Petitioner's notice of appeal did that. The notice identified the judgment subject to appeal as originating from the United States District Court for the Eastern District of Michigan and as involving review of his "final conviction and sentence." Pet. App. 9a. The docket number's use of "CR" further confirmed that the appeal was from a judgment in a criminal case. See ibid. By law, an appeal from the Eastern District of Michigan in a criminal case could proceed to only one court of appeals-the Sixth Circuit. 28 U.S.C. 41, 1291, 1294(1).
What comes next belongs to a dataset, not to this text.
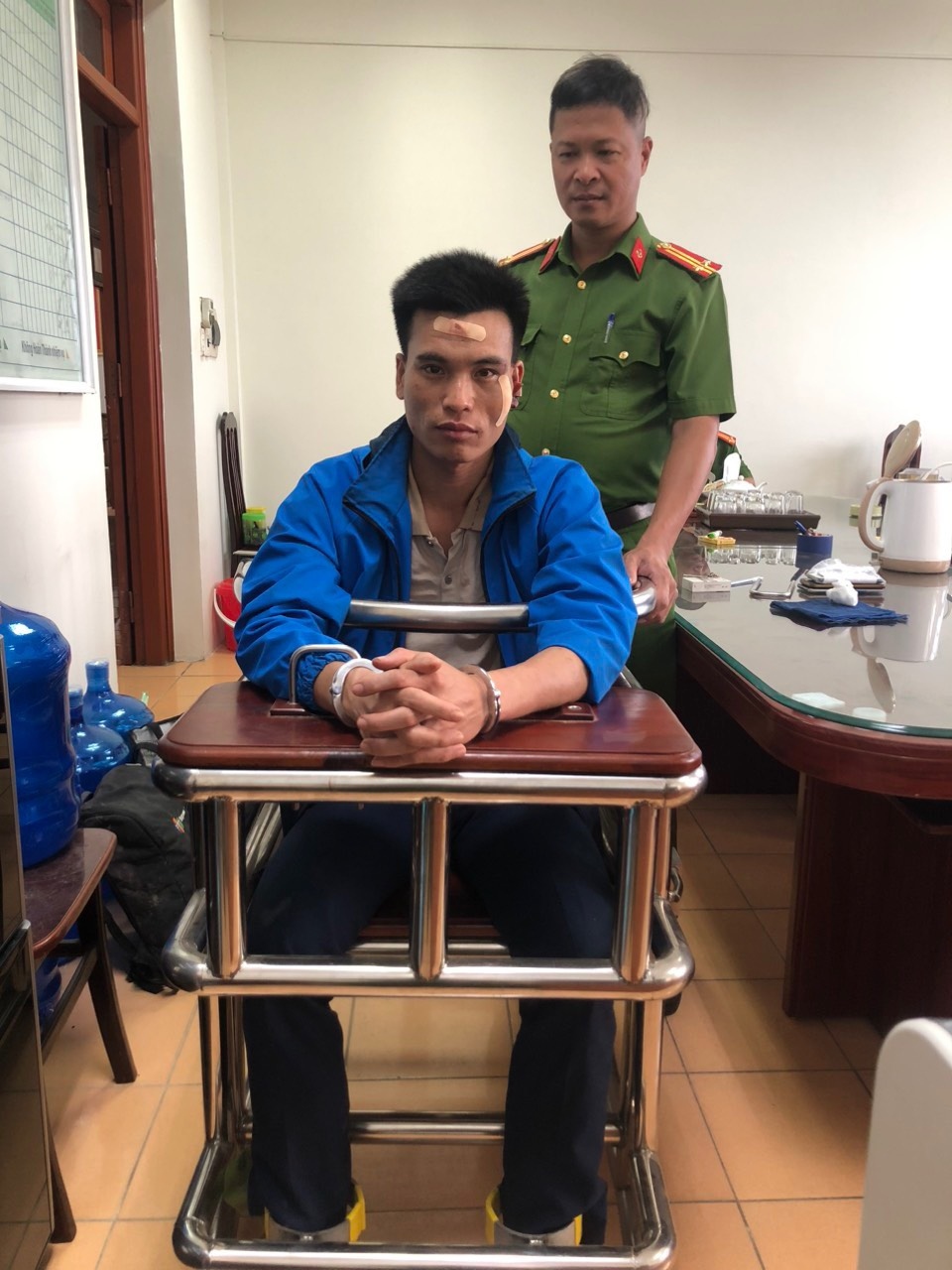Tuấn là đối tượng đã bỏ trốn khỏi Trại tạm giam tỉnh Hòa Bình và đang bị truy nã đặc biệt.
Petitioner therefore provided fair notice that his appeal was being taken to the Sixth Circuit. See Smith v. Barry, 502 U.S. at 248 ("[T]he notice afforded by a document * * * determines the document's sufficiency as a notice of appeal.").1
2. We disagree, however, with petitioner's contention (Pet. 5-12) that plenary review or summary resolution of the issue is appropriate at this time. As previously noted (see also Pet. 5 n.2), the Sixth Circuit has granted rehearing en banc in another case, Dillon v. United States, No. 97-3138 (Jan. 21, 1999), to reconsider the very issue raised by the petition. By letter dated February 24, 1999, the United States advised the Sixth Circuit that it did not agree with the panel's jurisdictional analysis in Dillon and thus would oppose the panel's judgment before the en banc court. The Sixth Circuit has ordered simultaneous briefs to be filed by April 26, 1999, and has scheduled oral argument for June 9, 1999.
Petitioner's claim of a circuit conflict and departure from this Court's precedents (Pet. 5-12) is thus premature. If the en banc Sixth Circuit agrees with the United States and petitioner here and holds that Rule 3(c) is satisfied by notices of appeal that contain information that is functionally equivalent to identifying the appellate court by name, there will be no circuit conflict or deviation from this Court's decisions for this Court to address. Petitioner, however, should be put in a position to have any such rule applied to him. Thus, while plenary review is not currently warranted, it is appropriate to give the Sixth Circuit the opportunity to reconsider its jurisdictional ruling in this case in light of the position ultimately adopted by the en banc court in Dillon.2 Accordingly, the petition for a writ of certiorari should be granted, the judgment of the court of appeals should be vacated, and the case should be remanded for disposition in light of the en banc court's eventual decision in Dillon v. United States, supra.
CONCLUSION
The petition for a writ of certiorari should be granted, the judgment should be vacated, and the case should be remanded to the court of appeals for disposition in light of the en banc Sixth Circuit's eventual decision in Dillon v. United States, No. 97-3138.
Respectfully submitted.
SETH P. WAXMAN
Solicitor General
JAMES K. ROBINSON
Assistant Attorney General
JOSEPH C. WYDERKO
Attorney
APRIL 1999
1 Petitioner correctly recognizes (Pet. 5-7) that the court of appeals' decision in this case is inconsistent with decisions of the District of Columbia, Fifth, and Seventh Circuits. See Bradley v. Work, 154 F.3d 704, 707 (7th Cir. 1998) ("This court has held that it will not dismiss on mere technicalities, including in the naming of the court to which a judgment is being appealed, if the notice as a whole is not misleading."); Anderson v. District of Columbia, 72 F.3d 166, 168 (D.C. Cir. 1995) (per curiam) ("[A]lthough Anderson named the wrong appellate court in his notice of appeal, because it was obvious in which court his appeal properly lay, Anderson gave fair notice to the opposing party and the court." ); McLemore v. Landry, 898 F.2d 996, 999 (5th Cir.) ("River Villa's intent to appeal to this court is made manifest by the fact that this is the only court to which an appeal may be had."), cert. denied, 498 U.S. 966 (1990).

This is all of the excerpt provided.